Universities (Development and Innovation) (Amendment) Bill 2015 – II – Tenure

Seanad Entrance, via Oireachtas websiteThis is the second in a series of posts on Senator Seán Barrett‘s Private Members’ Bill, the Universities (Development and Innovation) (Amendment) Bill 2015, which was discussed last week in the Seanad (the first post is here). Section 5 of the Bill provides a definition of “academic ”. As the Explanatory Memorandum explains

… the protections afforded by academic tenure allow academics to investigate unfashionable, controversial, or distasteful topics or dissent from received wisdom, and to teach and publish their honest conclusions, without fear of external pressures (for example, from university donors, vociferous critics, or government) or internal censure (for example, by means of suspension or dismissal).

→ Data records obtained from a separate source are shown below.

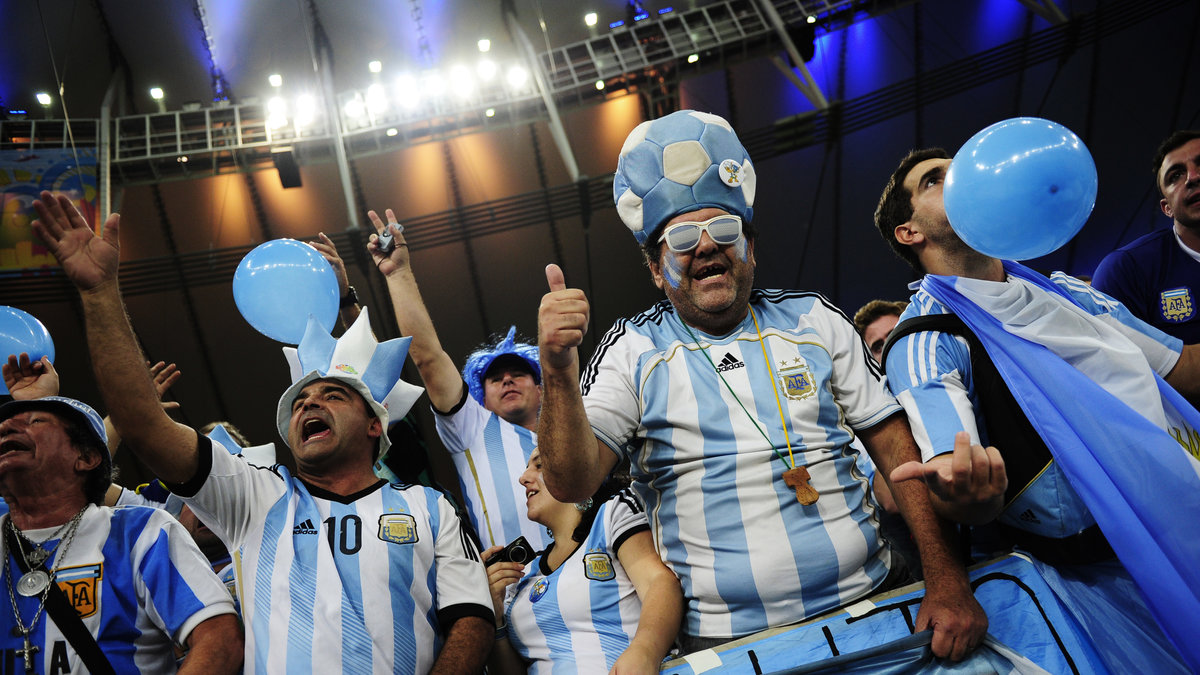 Argentinska supportrar firar ordentligt. 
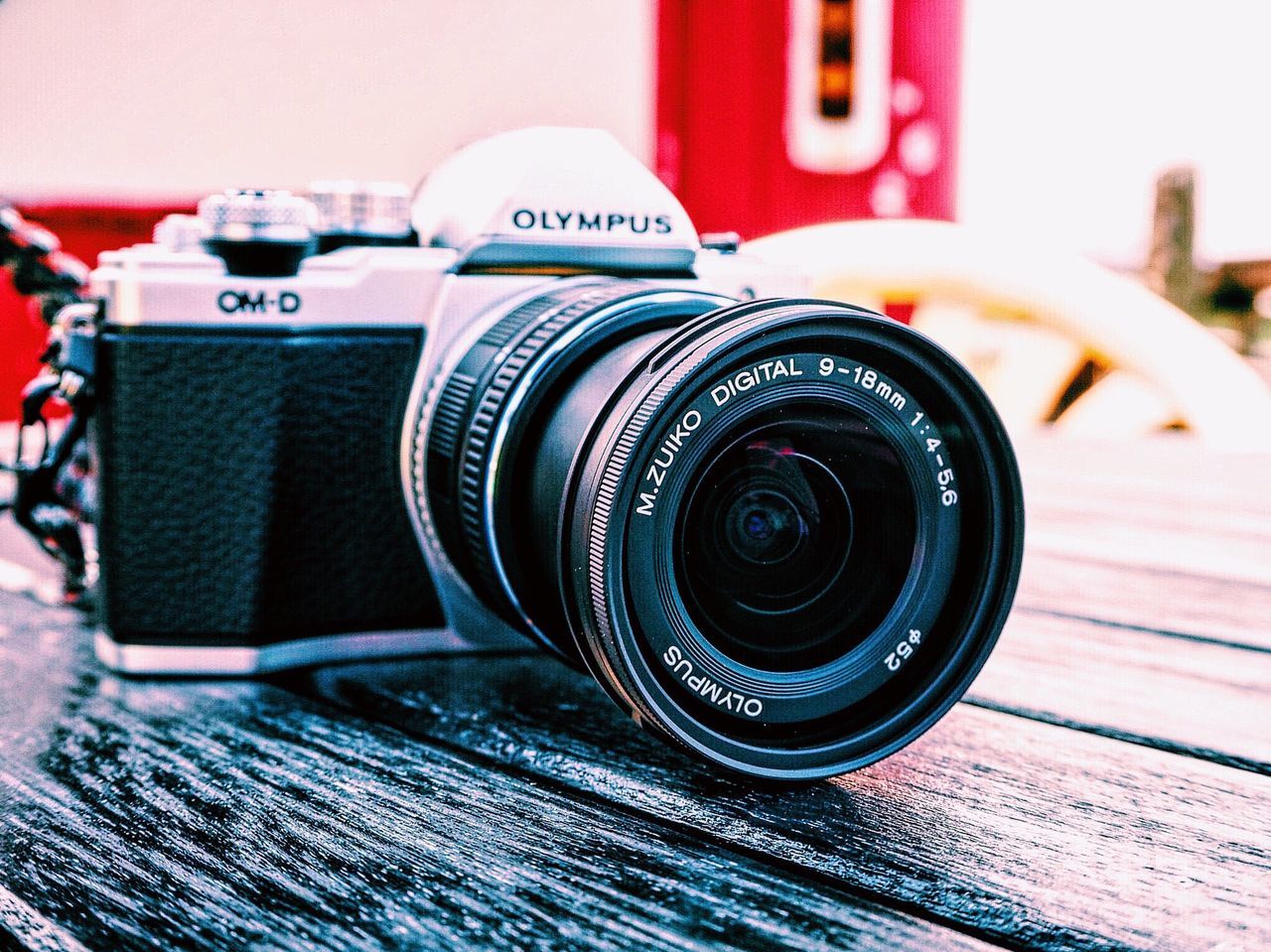 close-up, focus on foreground, retro styled, old-fashioned, still life, photography themes, equipment, selective focus, camera - photographic equipment, man made object, vintage, black color, antique, no people, lens - optical instrument, day, part of, machine part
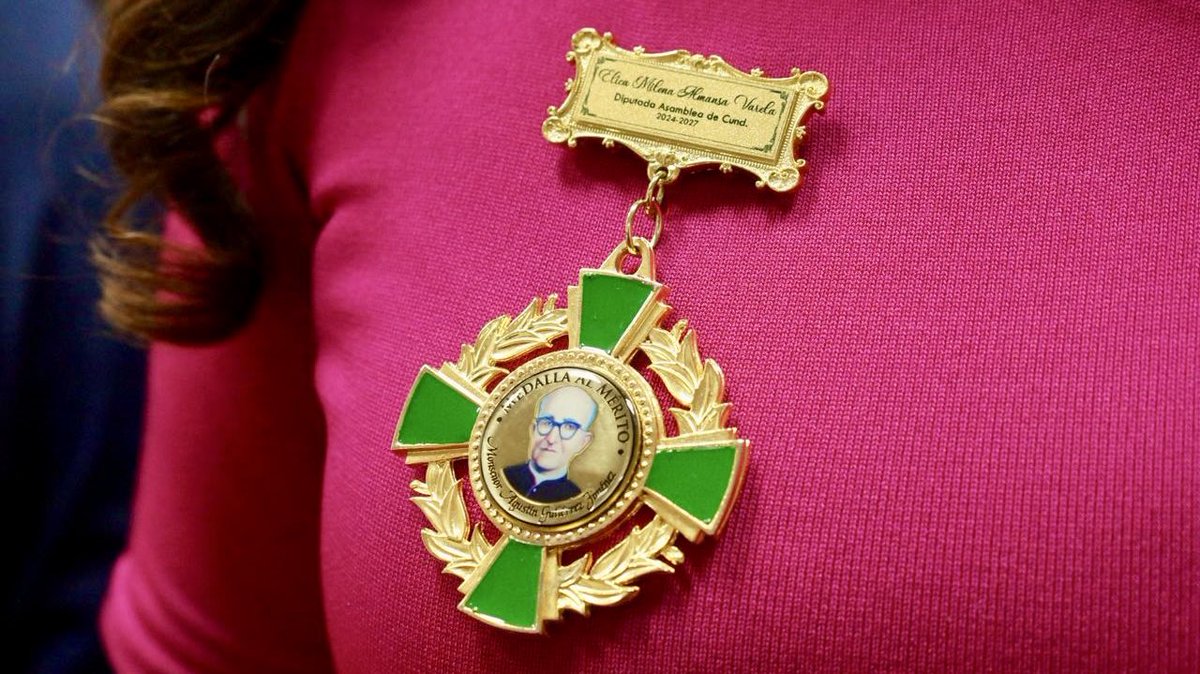 🎖️ Con profunda gratitud recibimos la Medalla al Mérito Monseñor Agustín Gutiérrez, otorgada por el Concejo Municipal de #Fómeque.
Un reconocimiento que honra el vínculo con esta tierra y fortalece nuestro compromiso de seguir trabajando con entrega y responsabilidad.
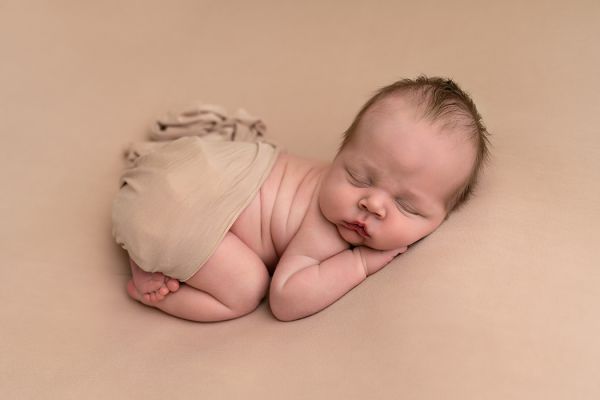 newborn photo shoot leeds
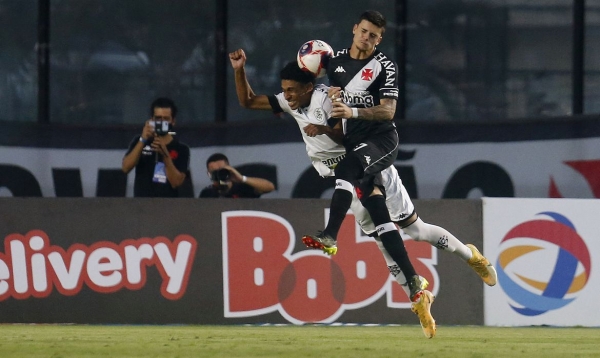 Botafogo e Vasco empatam em clássico em São Januário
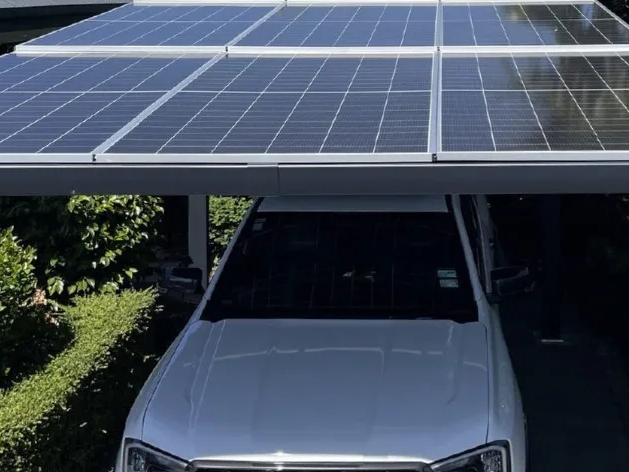 Vela solarna nadstrešnica s fotonaponskim panelima
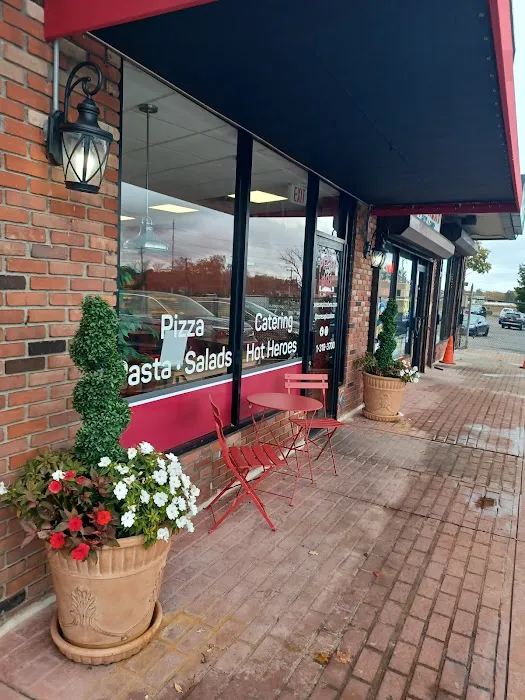 Teresa's Pizza Box Picture 4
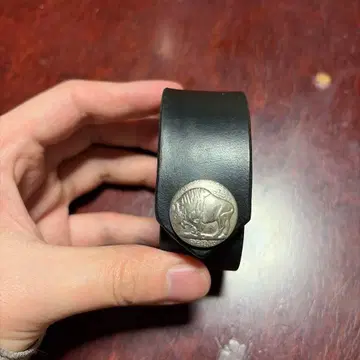 가죽 콘초 블레스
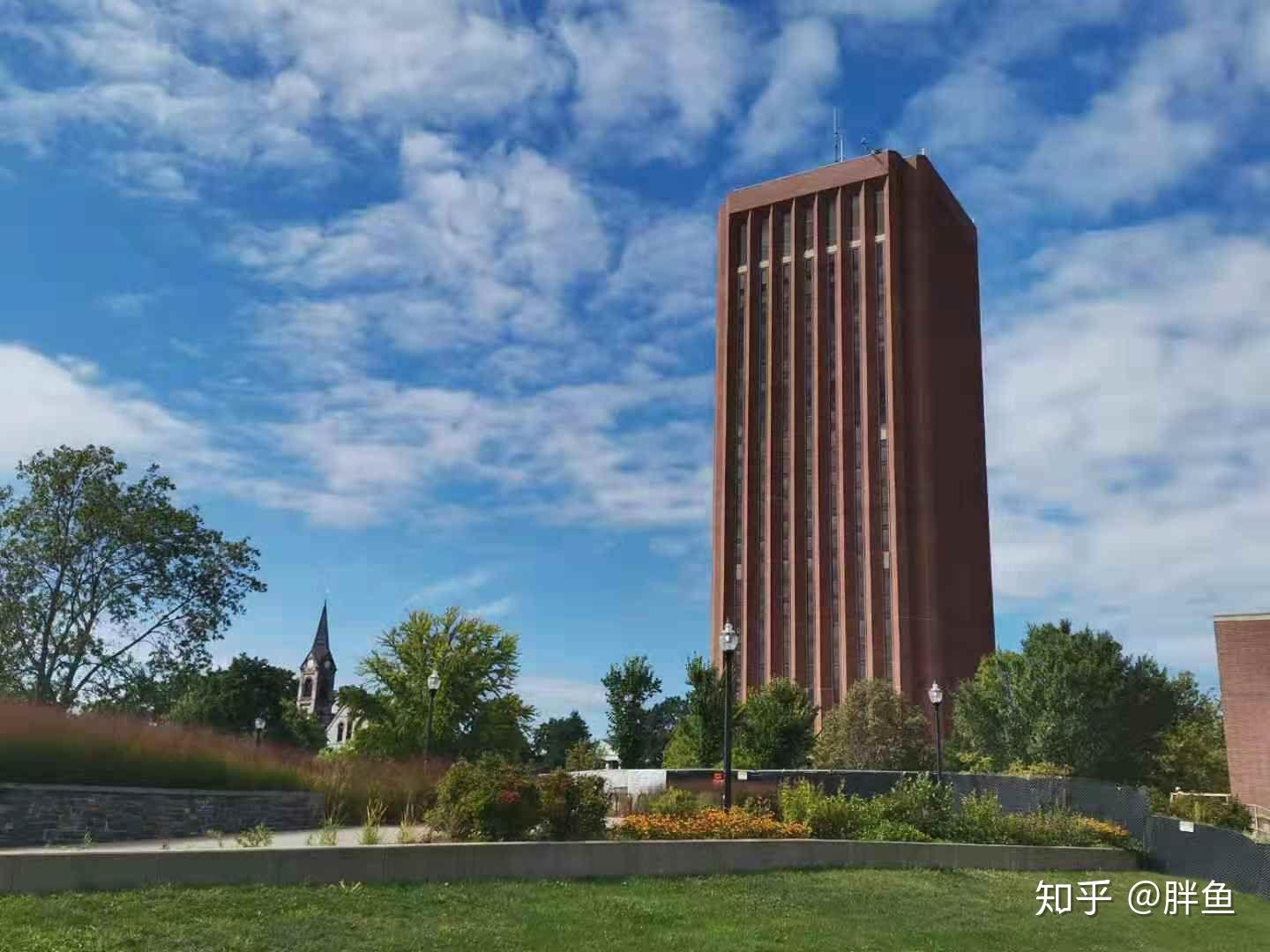 马萨诸塞大学(麻省大学阿姆赫斯特分校)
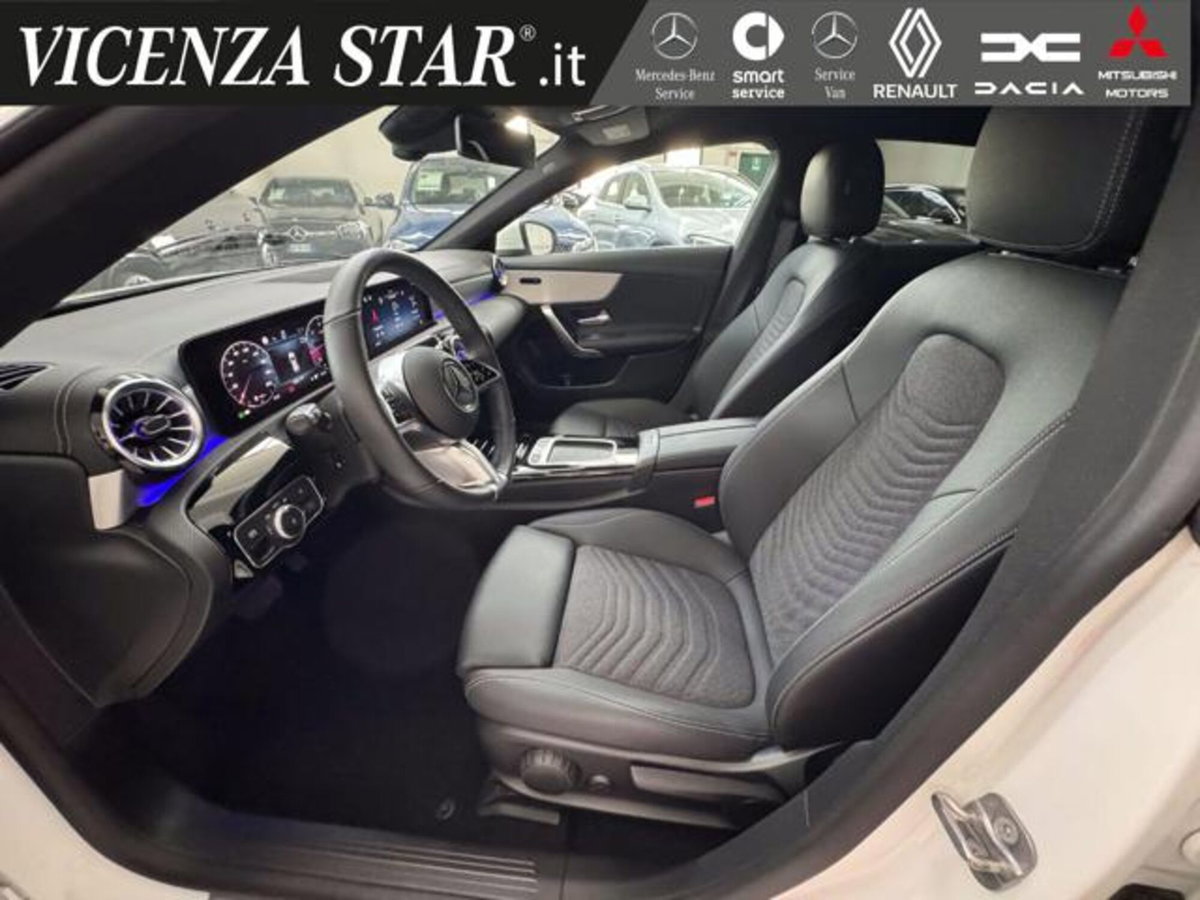 Mercedes-Benz CLA Shooting Brake 180 d Automatic Shooting Brake Sport (4)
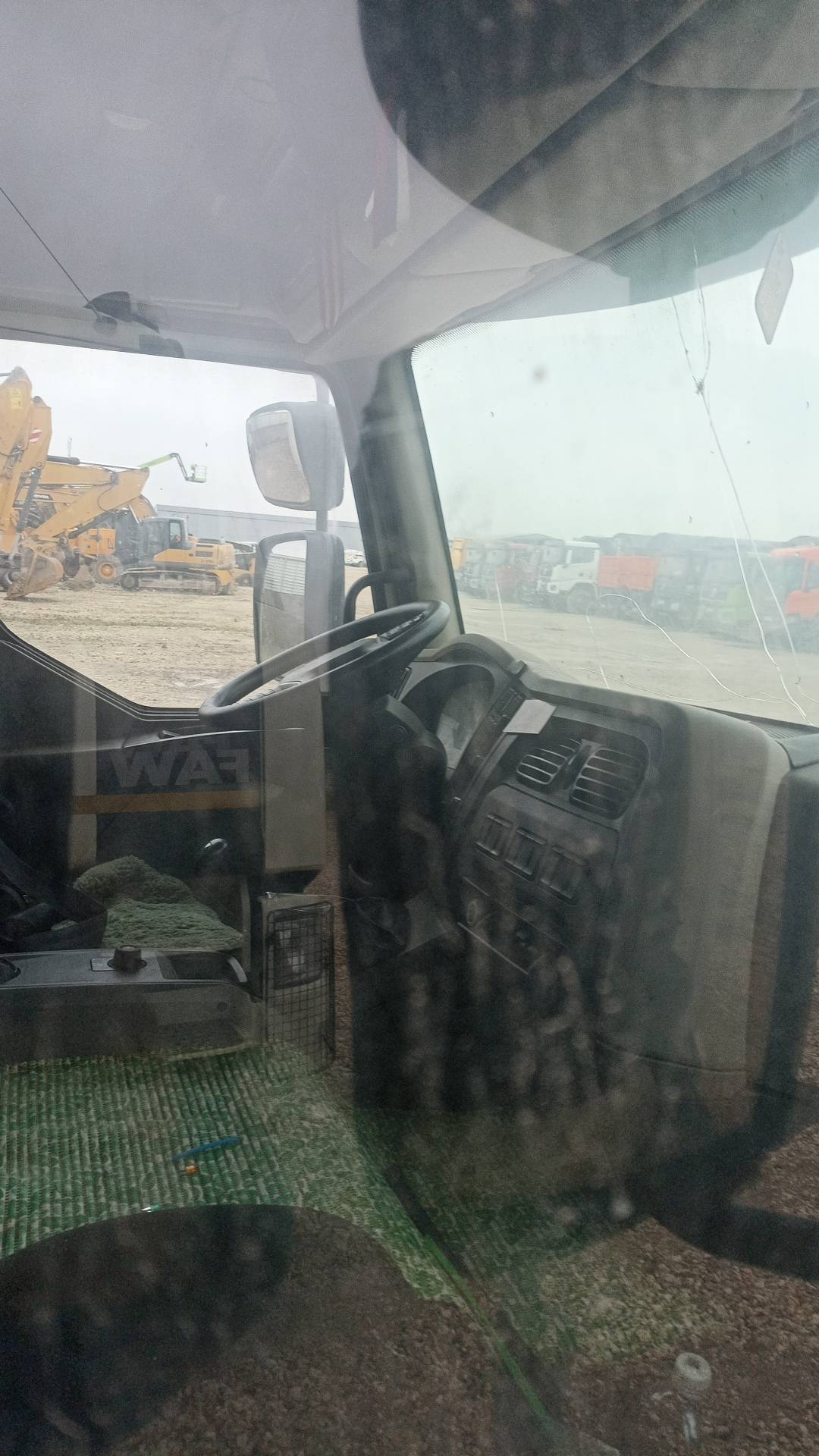 DAF LF 210 FA 4x2 (Sleeper Cab),  408 219 км, 2021 года в лизинг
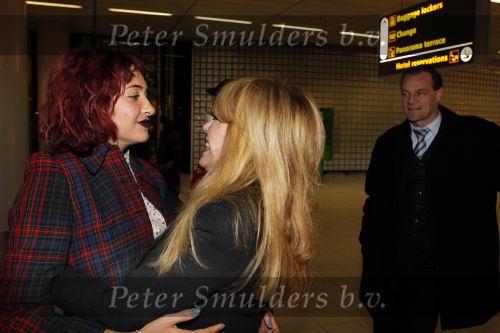 Schiphol 2 februari 2011
Patricia Paay haalt haar dochter Christina Curry op op schiphol nadat ze uit Los Angeles naar Amsterdam is gevlogen.
Peter Smulders bv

In many ways, this is unfinished business left over from the Universities Act, 1997 (also here). Section 25(6) of that Act refers to “tenure”, but does not define it. Two cases dodged the question (see Fanning v UCC [2005] IEHC 264 (24 June 2005), aff’d [2008] IESC 59 (28 October 2008) and Cahill v DCU [2007] IEHC 20 (09 February 2007), aff’d [2009] IESC 80 (09 December 2009)). Hence, as Senator David Norris put it during the Second Stage debate, as “there has been no decision [by the Courts], it is very important that these matters be clearly and succinctly addressed in legislation”.

Against that background, and building upon international best practice and upon definitions in the statutes of TCD, UCC and UCD, section 5 of the Bill would have filled that gap. Perhaps reflecting Prof Hedley‘s criticism of the provisions relating to tenure in his earlier Higher Education and Research (Consolidation and Improvement) Bill 2014, Senator Barrett took a very different approach in this Bill. Section 5 would have inserted a new section 14A into the 1997 Act. In particular, section 14A(1) would have provided:

To preserve and promote the principles of academic freedom provided for in section 14, and to provide security against arbitrary dismissal, the principle of academic tenure guarantees that the employment of officers [ie, full-time permanent members of the academic staff of the university] shall not be terminated, except—

(a) in the case of a non-continuation of a contract during the course of or at the end of a period of probation, if any;
(b) where the officer attains the age for the time being prescribed in law or agreed in the officer’s contract of employment as the ordinary retirement age for the office-holder, if any;
(c) where the officer earlier retires from office, resigns, or dies;
(d) where the officer’s contract of employment is discharged by operation of law;
(e) pursuant to procedures adopted pursuant to section 25(6) [which relates to suspension or dismissal]; or
(f) pursuant to procedures adopted pursuant to subsection (4) [which relates to physical or mental infirmity].

Furthermore, section 5(3) of the Bill would have removed the problematic reference to “tenure” in section 25(6) of the 1997 Act, and replaced it with a reference back to the new section 14A.

Hence, section 5 would have allowed academic experts to engage in important public debates without fear of retaliation; but it would protect them only in respect of matters within their contracts of academic employment, and provides security only against arbitrary dismissal. As paragraphs (e) and (f) make expressly clear, the principle of academic tenure does not preclude dismissal for legitimate disciplinary reasons pursuant to properly adopted disciplinary procedures. However, the Minister for Education and Skills, Jan O’Sullivan, effectively dismissed this draft. During the Second Stage debate, she said

I understand that there is a view that the 1997 Act does not sufficiently separate the question of academic tenure from matters relating to disciplinary processes in the employment relationship. However, I am advised that the proposed amendment would not substantially improve matters in this regard and may introduce unnecessarily cumbersome procedures.

This might have been a valid criticism of the tenure provisions in Senator Barrett’s earlier 2014 Bill, but it is misplaced in respect of section 5 of his 2015 Bill. In particular, the Minister’s “may” here is misleading in its ambiguity. Universities already have the suspension or dismissal procedures mentioned in paragraph (e) and the physical or mental infirmity procedures mentioned in paragraph (f); and the aim of section 5 as a whole was to ensure that tensions between these procedures and the principle of academic tenure are resolved without providing for unnecessarily cumbersome procedures.

Responding to Prof Hedley’s criticisms of his 2014 Bill’s provisions relating to tenure, Senator Barrett commented that

The issue of tenure is not a simple one. I would have liked to start from a blank slate here but wasn’t given the opportunity.

He took that opportunity in this Bill, and it is a very great pity that the Minister was not more enthusiastic about his new approach.